Dema Kovalenko has proven to be one intense competitor for every team for which he has played. (Photo courtesy of the LA Galaxy)
This is a story I wrote about Red Bulls midfielder Dema Kovalenko on May 24, 2007.
First of a three-part series
By Michael Lewis
Dema Kovalenko was so crushed by Indiana University losing to UCLA in the 1997 NCAA Division I semifinals that he did not want to forget the pain and disappointment he had endured.
So, he hung a picture near his bed of himself and his teammates on the ground crying after the extra-time defeat.
“I put the picture in my room to motivate me. It motivated me,” he said. “Every time I looked at it I got so mad.”
Kovalenko, who had been on the fence about returning for another year of college ball, came back and help the Hoosiers win the title.
That picture says a lot and yet it is only the tip of an iceberg, in some respects a portrait of man who is driven to win at everything he participates, whether it is soccer with the Red Bulls, billiards with a teammate or basketball with his father.
Even Kovalenko — he turns 30 on Aug. 28 — said that he realizes he can become too intense at times.

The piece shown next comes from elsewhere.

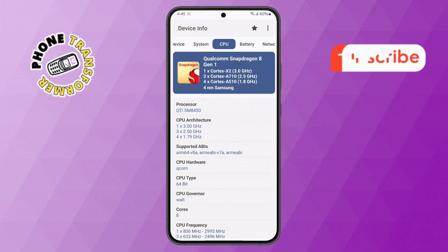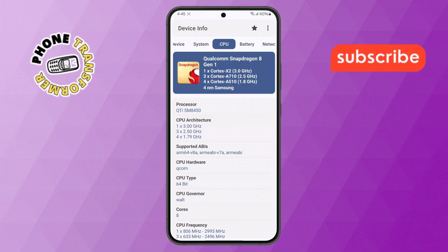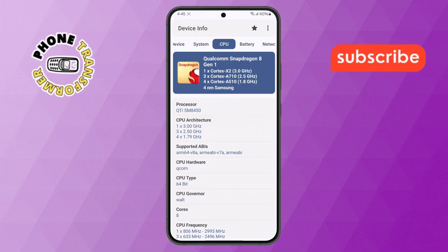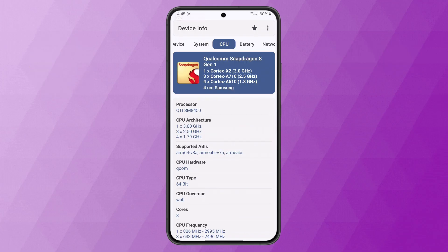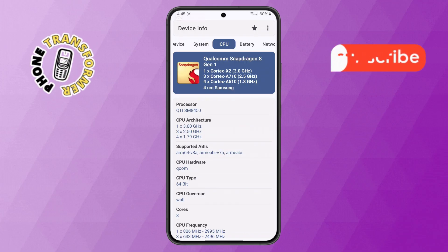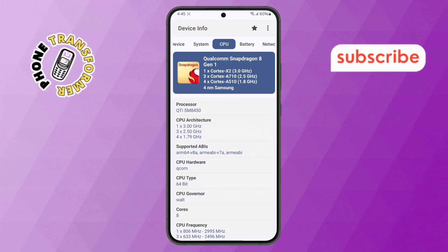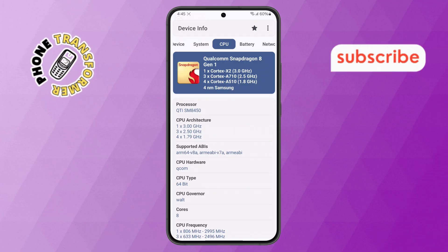That's it. Now you know how to check if your Samsung Galaxy has a Snapdragon or Exynos processor. Thanks for watching and please subscribe to the channel.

“Sometimes too much,” he said. “I realize that and sometimes people take me wrong. I always say that I will do whatever it takes to win. And it’s true. but when happened in the past before a couple of times with Dallas players, and this and that. I’m very competitive. You ask any guy in the locker room of any team I’ve played for — D.C., Chicago and now New York — man, I hate losing.”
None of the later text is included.